▸ **EXERCISE GOAL**: Would you reproduce the entries that follow exactly as they appear?

==== DATA ====

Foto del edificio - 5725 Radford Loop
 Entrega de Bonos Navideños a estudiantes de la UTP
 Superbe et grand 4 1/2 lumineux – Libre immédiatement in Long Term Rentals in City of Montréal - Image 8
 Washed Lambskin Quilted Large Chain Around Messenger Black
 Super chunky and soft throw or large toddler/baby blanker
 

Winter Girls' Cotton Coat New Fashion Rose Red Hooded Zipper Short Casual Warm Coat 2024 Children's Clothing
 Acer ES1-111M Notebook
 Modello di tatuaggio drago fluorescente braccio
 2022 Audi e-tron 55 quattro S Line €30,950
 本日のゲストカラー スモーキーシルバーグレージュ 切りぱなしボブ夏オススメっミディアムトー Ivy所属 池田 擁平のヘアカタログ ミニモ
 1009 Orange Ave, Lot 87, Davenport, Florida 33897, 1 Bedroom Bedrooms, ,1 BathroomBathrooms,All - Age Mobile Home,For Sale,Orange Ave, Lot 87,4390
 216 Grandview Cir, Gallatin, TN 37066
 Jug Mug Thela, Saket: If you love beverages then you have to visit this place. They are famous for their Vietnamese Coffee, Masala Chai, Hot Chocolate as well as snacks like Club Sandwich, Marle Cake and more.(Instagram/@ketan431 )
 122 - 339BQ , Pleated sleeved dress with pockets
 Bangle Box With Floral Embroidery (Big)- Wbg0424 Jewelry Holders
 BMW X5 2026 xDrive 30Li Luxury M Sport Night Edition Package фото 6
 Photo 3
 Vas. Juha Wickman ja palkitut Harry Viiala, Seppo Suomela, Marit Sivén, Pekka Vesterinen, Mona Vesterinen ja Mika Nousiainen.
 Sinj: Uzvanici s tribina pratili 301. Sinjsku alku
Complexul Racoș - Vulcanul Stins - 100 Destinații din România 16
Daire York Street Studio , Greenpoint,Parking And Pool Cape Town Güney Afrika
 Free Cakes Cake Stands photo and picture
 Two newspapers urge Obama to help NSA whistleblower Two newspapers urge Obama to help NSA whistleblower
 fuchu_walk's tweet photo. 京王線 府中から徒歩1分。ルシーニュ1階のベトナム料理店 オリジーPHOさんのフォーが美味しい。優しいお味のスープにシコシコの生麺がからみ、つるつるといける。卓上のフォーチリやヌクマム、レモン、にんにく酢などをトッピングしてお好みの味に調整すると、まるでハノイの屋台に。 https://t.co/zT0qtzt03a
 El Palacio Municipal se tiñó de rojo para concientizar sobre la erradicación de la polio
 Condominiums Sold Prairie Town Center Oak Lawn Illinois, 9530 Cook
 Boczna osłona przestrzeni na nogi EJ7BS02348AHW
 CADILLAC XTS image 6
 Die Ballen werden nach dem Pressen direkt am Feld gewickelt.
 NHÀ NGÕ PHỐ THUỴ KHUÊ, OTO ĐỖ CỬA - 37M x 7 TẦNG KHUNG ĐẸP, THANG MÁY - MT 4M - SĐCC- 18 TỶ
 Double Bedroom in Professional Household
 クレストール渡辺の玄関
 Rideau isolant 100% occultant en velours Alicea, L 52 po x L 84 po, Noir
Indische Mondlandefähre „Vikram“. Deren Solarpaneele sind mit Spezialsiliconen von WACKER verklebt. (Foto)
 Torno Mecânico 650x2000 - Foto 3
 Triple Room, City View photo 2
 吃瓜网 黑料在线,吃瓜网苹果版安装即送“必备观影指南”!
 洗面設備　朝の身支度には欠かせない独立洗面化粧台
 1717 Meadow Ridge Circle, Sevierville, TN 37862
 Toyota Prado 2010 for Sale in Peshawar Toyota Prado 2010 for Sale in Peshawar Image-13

====

▸ **REPLY TO THE EXERCISE**:
Foto del edificio - 5725 Radford Loop
 Entrega de Bonos Navideños a estudiantes de la UTP
 Superbe et grand 4 1/2 lumineux – Libre immédiatement in Long Term Rentals in City of Montréal - Image 8
 Washed Lambskin Quilted Large Chain Around Messenger Black
 Super chunky and soft throw or large toddler/baby blanker
 

Winter Girls' Cotton Coat New Fashion Rose Red Hooded Zipper Short Casual Warm Coat 2024 Children's Clothing
 Acer ES1-111M Notebook
 Modello di tatuaggio drago fluorescente braccio
 2022 Audi e-tron 55 quattro S Line €30,950
 本日のゲストカラー スモーキーシルバーグレージュ 切りぱなしボブ夏オススメっミディアムトー Ivy所属 池田 擁平のヘアカタログ ミニモ
 1009 Orange Ave, Lot 87, Davenport, Florida 33897, 1 Bedroom Bedrooms, ,1 BathroomBathrooms,All - Age Mobile Home,For Sale,Orange Ave, Lot 87,4390
 216 Grandview Cir, Gallatin, TN 37066
 Jug Mug Thela, Saket: If you love beverages then you have to visit this place. They are famous for their Vietnamese Coffee, Masala Chai, Hot Chocolate as well as snacks like Club Sandwich, Marle Cake and more.(Instagram/@ketan431 )
 122 - 339BQ , Pleated sleeved dress with pockets
 Bangle Box With Floral Embroidery (Big)- Wbg0424 Jewelry Holders
 BMW X5 2026 xDrive 30Li Luxury M Sport Night Edition Package фото 6
 Photo 3
 Vas. Juha Wickman ja palkitut Harry Viiala, Seppo Suomela, Marit Sivén, Pekka Vesterinen, Mona Vesterinen ja Mika Nousiainen.
 Sinj: Uzvanici s tribina pratili 301. Sinjsku alku
Complexul Racoș - Vulcanul Stins - 100 Destinații din România 16
Daire York Street Studio , Greenpoint,Parking And Pool Cape Town Güney Afrika
 Free Cakes Cake Stands photo and picture
 Two newspapers urge Obama to help NSA whistleblower Two newspapers urge Obama to help NSA whistleblower
 fuchu_walk's tweet photo. 京王線 府中から徒歩1分。ルシーニュ1階のベトナム料理店 オリジーPHOさんのフォーが美味しい。優しいお味のスープにシコシコの生麺がからみ、つるつるといける。卓上のフォーチリやヌクマム、レモン、にんにく酢などをトッピングしてお好みの味に調整すると、まるでハノイの屋台に。 https://t.co/zT0qtzt03a
 El Palacio Municipal se tiñó de rojo para concientizar sobre la erradicación de la polio
 Condominiums Sold Prairie Town Center Oak Lawn Illinois, 9530 Cook
 Boczna osłona przestrzeni na nogi EJ7BS02348AHW
 CADILLAC XTS image 6
 Die Ballen werden nach dem Pressen direkt am Feld gewickelt.
 NHÀ NGÕ PHỐ THUỴ KHUÊ, OTO ĐỖ CỬA - 37M x 7 TẦNG KHUNG ĐẸP, THANG MÁY - MT 4M - SĐCC- 18 TỶ
 Double Bedroom in Professional Household
 クレストール渡辺の玄関
 Rideau isolant 100% occultant en velours Alicea, L 52 po x L 84 po, Noir
Indische Mondlandefähre „Vikram“. Deren Solarpaneele sind mit Spezialsiliconen von WACKER verklebt. (Foto)
 Torno Mecânico 650x2000 - Foto 3
 Triple Room, City View photo 2
 吃瓜网 黑料在线,吃瓜网苹果版安装即送“必备观影指南”!
 洗面設備　朝の身支度には欠かせない独立洗面化粧台
 1717 Meadow Ridge Circle, Sevierville, TN 37862
 Toyota Prado 2010 for Sale in Peshawar Toyota Prado 2010 for Sale in Peshawar Image-13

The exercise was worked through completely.